Get Out of Here With That

     (CN) – “Limited only by what their imaginations can conjure,” SWATS Edge Performance Chips and its two directors sell bogus “cooling concussion caps” with outrageously false claims, Alabama’s attorney general claims in a 264-count lawsuit.
     Attorney General Luther Strange wastes no time in unloading on the company and its two defendant directors: “Defendants Mitchell Ross and Christopher Key, two men with no advanced medical or scientific background, practice their homespun versions of medicine, science, and pharmacology through SWATS, their self-styled supplement and wonder-drug outlet near Birmingham. Limited only by what their imaginations can conjure, Ross and Key will say and sell anything under the premise of boosting athletic performance. In a sign of just how far SWATS is from its moorings, SWATS advertises that its ‘Cooling Concussion Cap’ can solve the NFL’s concussion problem. But as experienced doctors are prepared to testify for the State, SWATS’s Cooling Concussion Cap not only fails to treat or prevent concussive trauma, it actually contributes to the problem by providing a false sense of security that leads to worse medical monitoring, more risky behavior, and the decision to delay seeking immediate medical attention when injuries occur. Most remarkable is SWATS’s view of its right to make these boastful claims: ‘We don’t have to prove that this is real or not. What we’re looking for is for [science] to prove that it is not real.'” (Brackets in complaint.)
     Nonsense, the attorney general says.
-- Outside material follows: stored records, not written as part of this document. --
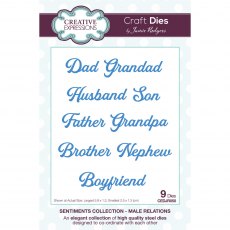 Jamie Rodgers Craft Die Sentiments Collection Male Relations | Set of 9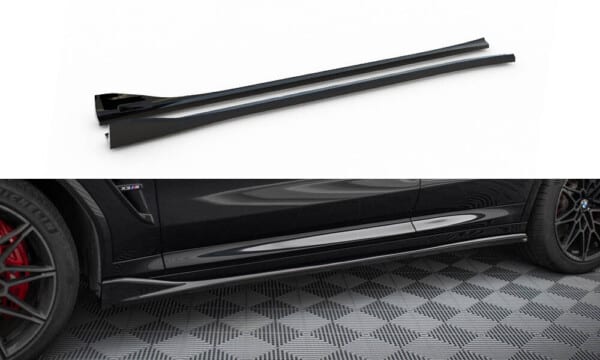 MAXTON DESIGN - Lišty pod bočné prahy  ,vhodné pre BMW X3 M F97 FACELIFT, Čierny lesk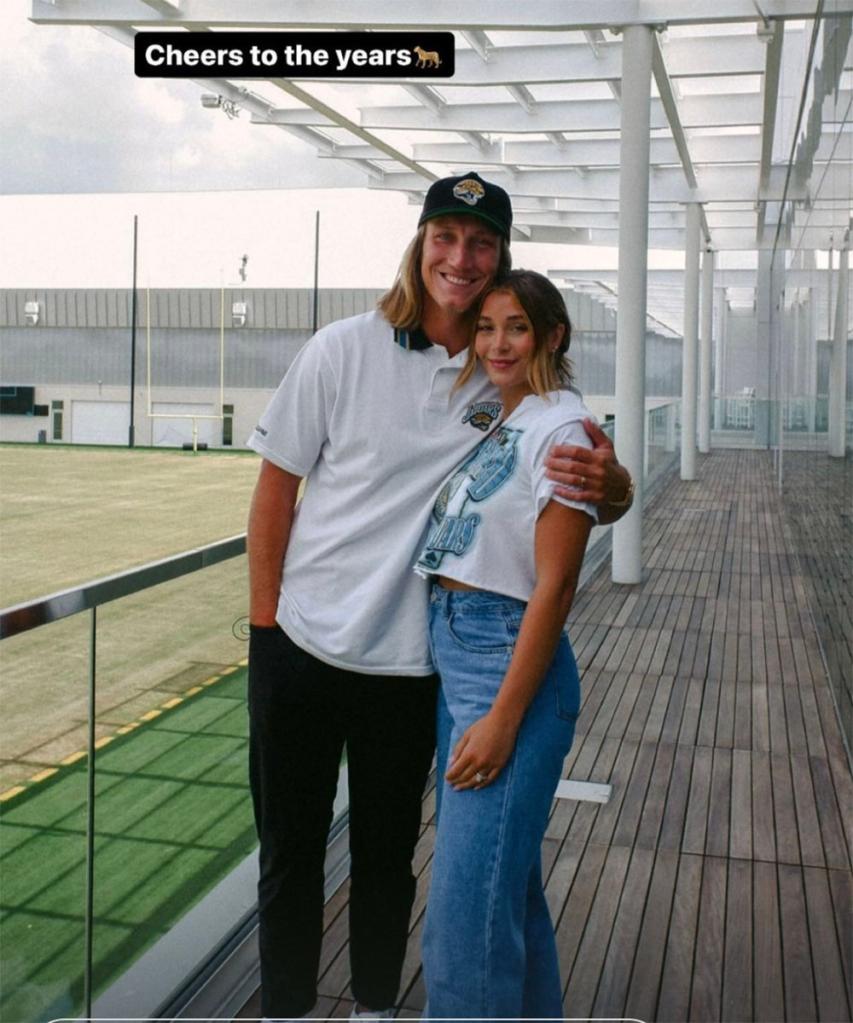 Jaguars quarterback Trevor Lawrence and his wife Marissa at the team facility to sign his contract extension on June 20, 2024.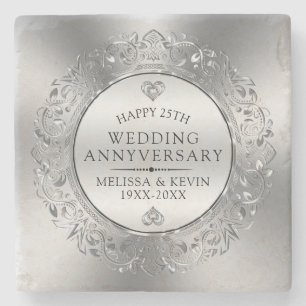 Dessous-de-verre En Pierre Frame en argent brillant floral 25e anniversaire M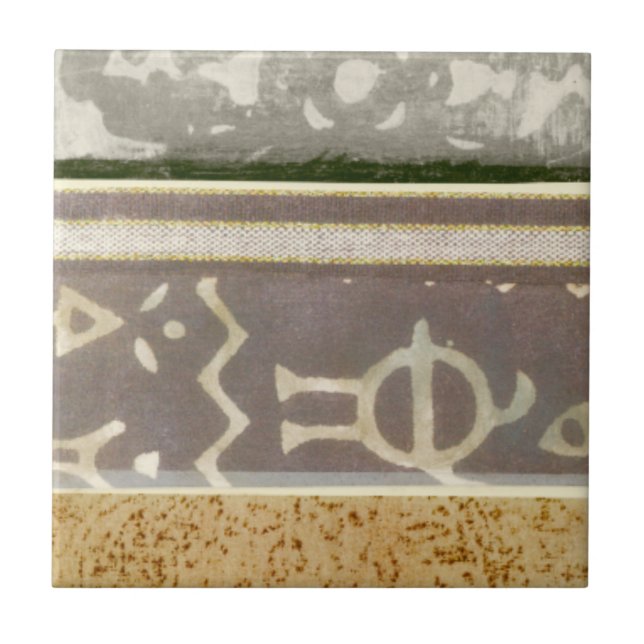 Contemporary Tribal Pattern Painting Ceramic Tile (Front)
That’s deceptive trade.
     “SWATS advertises that its products will reduce your risk of cancer, alleviate anemia, control blood pressure, stimulate muscle growth, increase testosterone, grow new brain cells, prevent heat stroke, ‘reduce the long-term effects of concussive trauma to the brain,’ boost the immune system, ease arthritis and inflammation, reduce lines and wrinkles, balance the hormones necessary for healthy sexual function, increase the oxygen-carrying capacity of the blood, promote weight loss and deliver anti-aging proteins,” Alabama says in its lawsuit.
     The complaint lists the company’s pricey products, including “pain chip insoles” for $120, the “cooling concussion cap” for $120, and a “protocol” – a combination of products “specifically tailored” to the purchaser, for $500.
     The defendants claim their $26 “pain management chips” will treat osteoarthritis, chronic inflammatory pain, feminine cramps, bone fractures, “any sports-related injuries or pains,” and lots of other stuff, too, according to counts 178 to 222 of the lawsuit in Jefferson County Court.
     It’s all malarkey, the products are mislabeled, and may be dangerous, the attorney general says.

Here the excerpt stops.